On 9 February, he held a press conference in Bihać, during which he accused Bosnian President Željko Komšić of organizing anti-government riots and said that "Either we (politicians) all submit our resignation or none of us." He also stated that he had not escaped to Croatia as was reported by some media and even by the police. On the same day he held the press conference, people continued protesting, peacefully. They said that Lipovača "...must resign, and that it is not a matter of his choice."

Lipovača officially submitted his resignation paperwork less than an hour after midnight 10 February 2014, after days of refusing to leave post. His resignation was accepted about five hours later by 24 of the 29 members of the Assembly of the Una-Sana Canton, but Lipovača remained in the technical mandate until 10 February 2015. It was reported by several media sources on 11 February that he and his family had escaped to Croatia following his resignation and amid riots and protests throughout Bosnia and Herzegovina.

===Arrest and sentencing===
On the orders of the Una-Sana Cantonal Court in Bihać, several locations in Bihać were raided by police on the morning of 17 December 2014 and Lipovača was arrested at his home in the street Midžić Mahala. The arrest was confirmed to media by the Federal Interior Ministry, citing the reason as "abuse of office and forgery of documents." It is accused that, while serving as mayor of Bihać in 2007, Lipovača "exceeded the limits of power" and, contrary to the Law on Public Procurement, annexed his initial contract, as well as the contracts on performing additional work on certain buildings in his town in the amount of 1,292,000 KM.

Lipovača and his business partner Alen Gluhalić, who was also arrested the same day, were released from jail on 16 January 2015, with a future court date set to determine punishment.
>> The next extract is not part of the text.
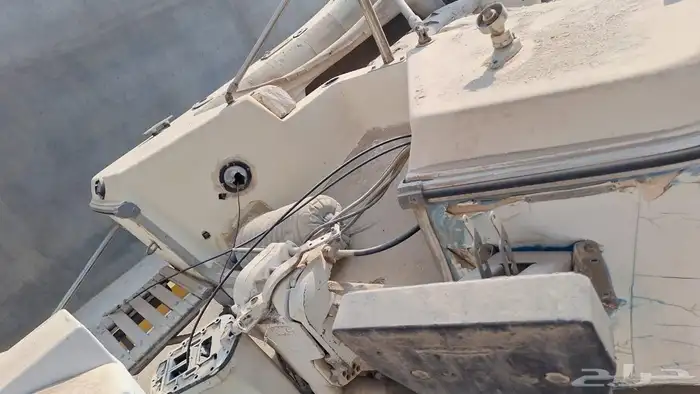 موجود في الاحساء 18 قدم لا توجد عليه اوراق 1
Lipovača and Gluhalić were suspected of fraud during the 2007 reconstruction of the Bihać sports and recreation center Stens. Lipovača was at the time Mayor of Bihać and Gluhalić was the owner of a construction company Agra. According to investigators, Lipovača signed more annex to the original construction contract, and entered incorrect information on the execution of additional works with the same date, but with another amount of money in order to obtain illegal profit for the contractor – the Bihać-based company Agra, owned by Alen Gluhalić. According to the original contract, the construction should have cost 810,000 km, but after the aforementioned annex project, the value increased to 1.7 million KM.

After two months of freedom, Lipovača was sentenced to two months in prison by the Una-Sana Cantonal Court in Bihać on 24 March 2015. He was returned to prison to serve his sentence, but was released again on 8 April 2015, with authorities giving no reason for the early release.

==Personal life==
Lipovača is cousin to Serbian politician Vuk Jeremić. They both descended from the Pozderac family, considered the most influential Bosniak political family during communist Yugoslavia. Lipovača and Jeremić share the same great-grandparents, Nurija Pozderac and his wife Devleta, who are both known for sheltering Jews during World War II. In effect, Lipovača is also related to Yugoslav politicians Hakija and Hamdija Pozderac who occupied some of the most powerful political posts for years in the Socialist Republic of Bosnia and Herzegovina).

In November 2012, Lipovača's great-grandfather and great-grandmother Nurija and Devleta Pozderac were posthumously awarded the honorific of Righteous among the Nations by the Jewish victims memorial Yad Vashem for their acts of saving Jews during World War II in Cazin on the territory of the Ustaše-run Nazi-puppet Independent State of Croatia. The Jews Nurija and Develta sheltered, escaped during transport to Jasenovac concentration camp.

Lipovača is married to Jasmina (née Brkić). They have three daughters.